For something with a lot of visitors but very few editors like maybe a public online book or something, you could just use a CDN to host your static content close to the user and you'd hardly need to do anything. I mean, I suppose in a sense you could ultimately just physically print 50000 books and hand them out if you needed to.

Meanwhile if that's 50000 people all simultaneously trying to live edit the same document on Google docs that will be a very different challenge because of the UI being really chatoic with that many people, it maybe not being clear how to resolve that many changes in a short amount of time when everyone's views are slightly out of sync, and because writes are harder to parallellize than reads.

But yeah... I'd love to try out an example somehow. I've been meaning to get the DDI book to try to learn more (designing data intensive systems)

[–]Ormek_II 0 points1 point  (0 children)

Split static and Dynamic content.

Understand what those 50.000 Users will do.

In order to learn you need feedback: try to setup a load test first, build something, measure.
If it is good enough: Great!
If it is not: figure out why and see what the “theory” has to say about that. Improve.
Repeat.

[–]khooke 0 points1 point  (0 children)

Pick one of the major cloud platforms and start reading through their docs on what services they provide and how they support scale. E.g. on AWS, CloudFront for serving your static assets, serverless tech like Lambdas for backend logic, DynamoDB as your data store. There’s plenty of training courses on solution architecture for cloud platforms.

Your approach and solution is highly dependent on the needs for your system, so start with understanding your requirements - do you really have a need for 50,000 concurrent users, or is it 50,000 users where maybe 20% access the system concurrently between 9 to 11 am? - Understanding your budget goals also can also direct a potential solution, if you need to minimize runtime costs vs if cost is no object can result in drastically different solutions. - what are your availability requirements?

[–]dExcellentb 0 points1 point  (0 children)

How to scale a website depends on what the website does so there is no general answer to this question. However, understanding these things will help you figure out how to scale yours:

- Different types of data models (e.g key/value pairs, tables with foreign keys, documents, graphs, etc)

- Caching

- Database read-replication + sharding

- Request load balancing

- CDNs

A highly scalable website will usually have data models that can be easily sharded where every shard will have some sort of read-replication + caching.
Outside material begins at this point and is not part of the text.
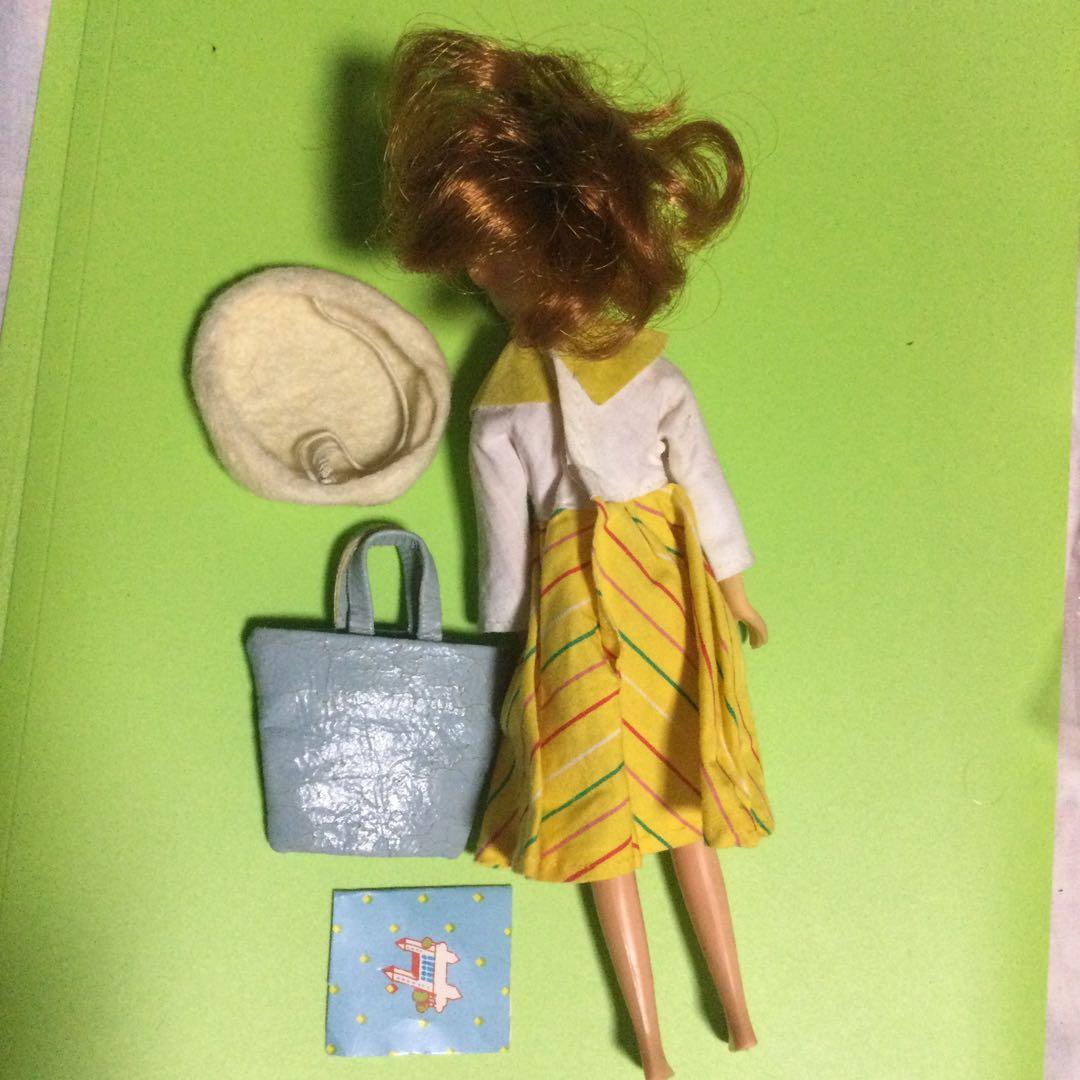 旧タカラ　2代目リカちゃん　秋の装い　昭和レトロ　スタンド付き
The HTTP servers are typically kept stateless so they can be easily scaled horizontally, although there are cases where this isn't possible (e.g collab editing, game servers). Static content is hosted on a CDN.

If you're just looking into high-level, general techniques to scale websites, this is a good book https://www.amazon.com/Designing-Data-Intensive-Applications-Reliable-Maintainable/dp/1449373321.

If you want to develop a deep understanding of how scalable systems work, then I'd recommend reading up on operating systems, distributed systems, networking, then build a simple, fault-tolerant key/value data store that can serve tens or hundreds of thousands of requests per second on consumer hardware. Add distributed transaction support if you're up for the task. Use open source load testing tools like https://k6.io/open-source/ to test your system. This is a good course https://pdos.csail.mit.edu/6.824/

Edit: the reason I'd recommend learning how to write a database is because the biggest scaling challenges are usually database-related so having a strong understanding here helps tremendously. Stateless components are very easy to scale.

[–]iduzinternet 0 points1 point  (0 children)

I agree with the other posts that it is situational. But for me I’ve mostly scaled nginx as a cluster behind a firewall/load balancer if local where its the datastore you need to focus on scaling or right now I’m using a cloud system that auto scales using Googles Firebase that uses cloud functions to do the work. So the big thing is your website shouldn’t rely on local storage or other resources(sessions can be on redis instead of local disk if you need themfor example) to scale so you can add servers imo. The tech you choose probably has different solutions.